During the ride I uploaded some pictures and worked on a blog post which made the time go by quickly. I overheard a couple behind us reading about Cesky Krumlov from the same Rick Steves guidebook so I struck up a short conversation with them and we shared our mutual love for Rick. Before I knew it we were pulling into Cesky Krumlov and it was time to put our packs back on again. The bus station wasn't at all far from old town so walked again. Coming over the hill we got our first good look at the town. If we thought Kutna Hora was picturesque Cesky Krumlov was downright quaint and charming. The entire place is crowded with tiny cute buildings with towers and steeples protruding upward here and there. The old town is surrounded on three sides by an oxbow in the river and connected to the other side with little bridges. All the streets are cobbled, but well maintained. It was an absolutely adorable place and we wish we could have stayed more than just a night there.

Our first stop was our hotel of course. We met the very nice front desk lady and got our key, which we needed to use on the front door, an inner door, and our room door. So many doors to unlock and lock behind us when they came and went. The room was amazing, even more so in person than it looked on the website. I got us the attic room with a castle view and it really was a great spot even though I cracked my head on one of the many low beams. It was a charming sort of smack to the head. Kat was super excited to see that we even had a full bathtub and one of those heated drying racks in the bathroom so we could do a bunch of laundry and have it dried by the morning.

After unloading a bit we set out to do a quick tour of the place and then find some dinner. It was a little after 18:00 and still light out for a bit. We saw all the things including old town square, the castle, and the castle gardens. At the castle the drawbridge was guarded by a bear pit, but there weren't any bears in it that we could see so we decided they were invisible bears. Rather than throwing food into the pit you are encouraged to drop coins in a slot which will be used to buy the bears a more diverse diet. Kat got really excited about that so I gave her a coin so she could feed the invisible bears. All throughout the castle complex, which seemed to wind on forever, there were these squat little half-sized doors that were just about the right height for Kat. I made her model in front of one for me and then I stood in front of a slightly larger one for comparison.

When we got done with our walk we were ready for dinner. The top recommendation turned out to be directly across from our hotel. We attempted to get seated but they said they were booked up until at least 21:00. That gave us about an hour so we said to put us down for it and we'd be back. I took the opportunity to shower and Kat took a bath and then we did laundry together before getting dressed for dinner and heading back downstairs, unlocking and locking all the doors as we went.

We arrived at the designated time and found another American couple in front of us getting the same routine, no room until at least an hour from now.

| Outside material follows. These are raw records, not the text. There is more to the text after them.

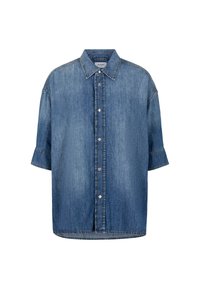 Oversized denim shirt in dark blue, button-down front, and short sleeves with a slightly rounded hem. Features contrasting stitching.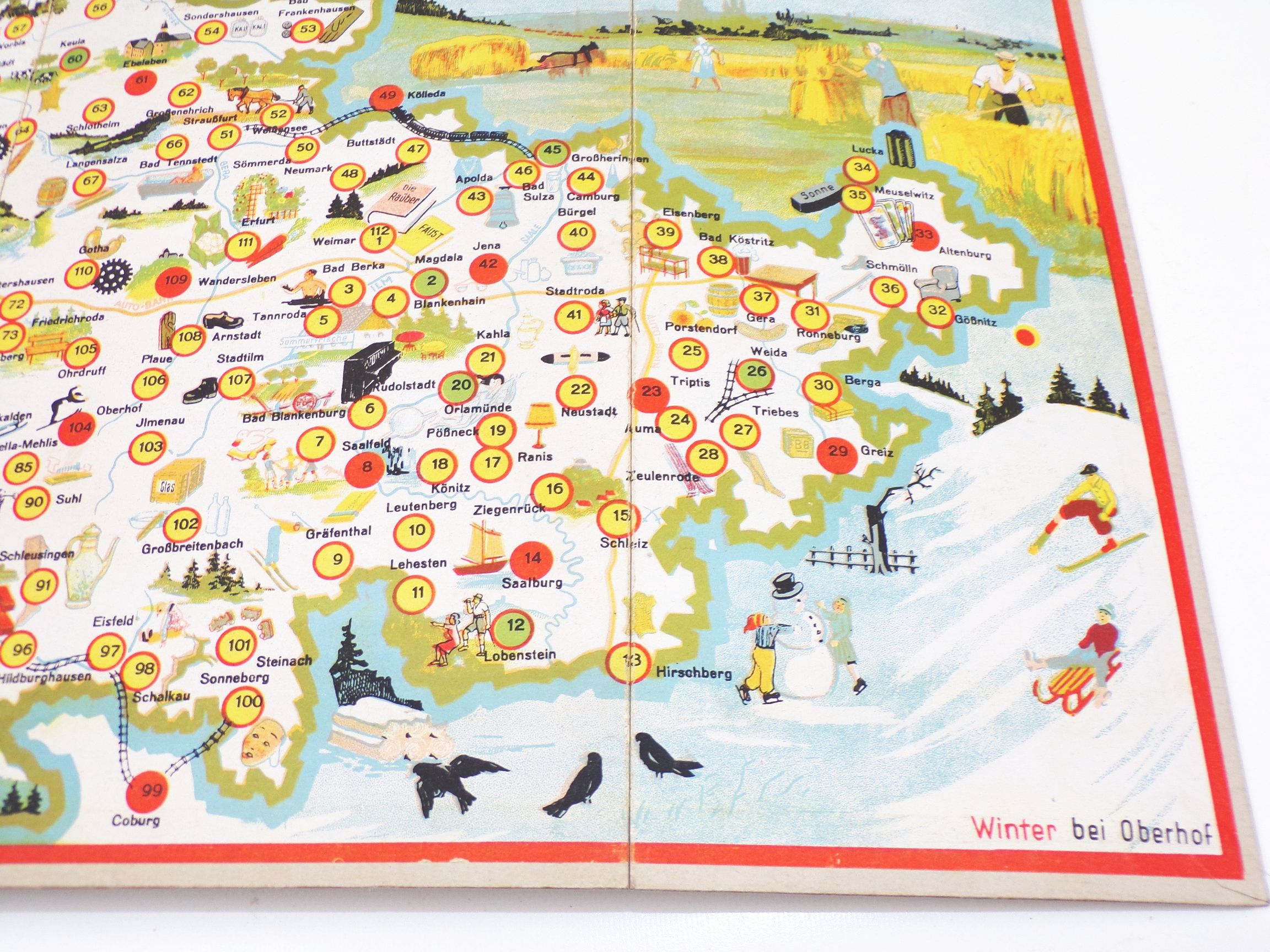 DDR Spielbrett 1953 Thüringen Reise Ersatzbrett Brettspiel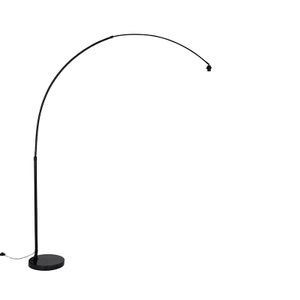 QAZQA - Moderne Bogenlampe schwarz ohne Schirm - XXL I Wohnzimmer I Schlafzimmer - Stahl Länglich - LED geeignet E27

They were about to leave but Kat thought it might be nice to invite them to join us. I made sure there would be room at our table and then extended the invitation. They were taken by surprised and delighted to say the least. We ended up having a great time and conversation with them during dinner, sharing stories about our travels, how we met our significant others, and life in general. Then at the end of the meal they surprised us by picking up the check. I'd say it definitely pays to be nice sometimes.

After dinner we said our fond farewells and then Kat and I made the long trek across the street back to our room, unlocking and locking all the doors along the way, and finally collapsed into bed to get some much needed rest from such a long, eventful, and fun-filled day.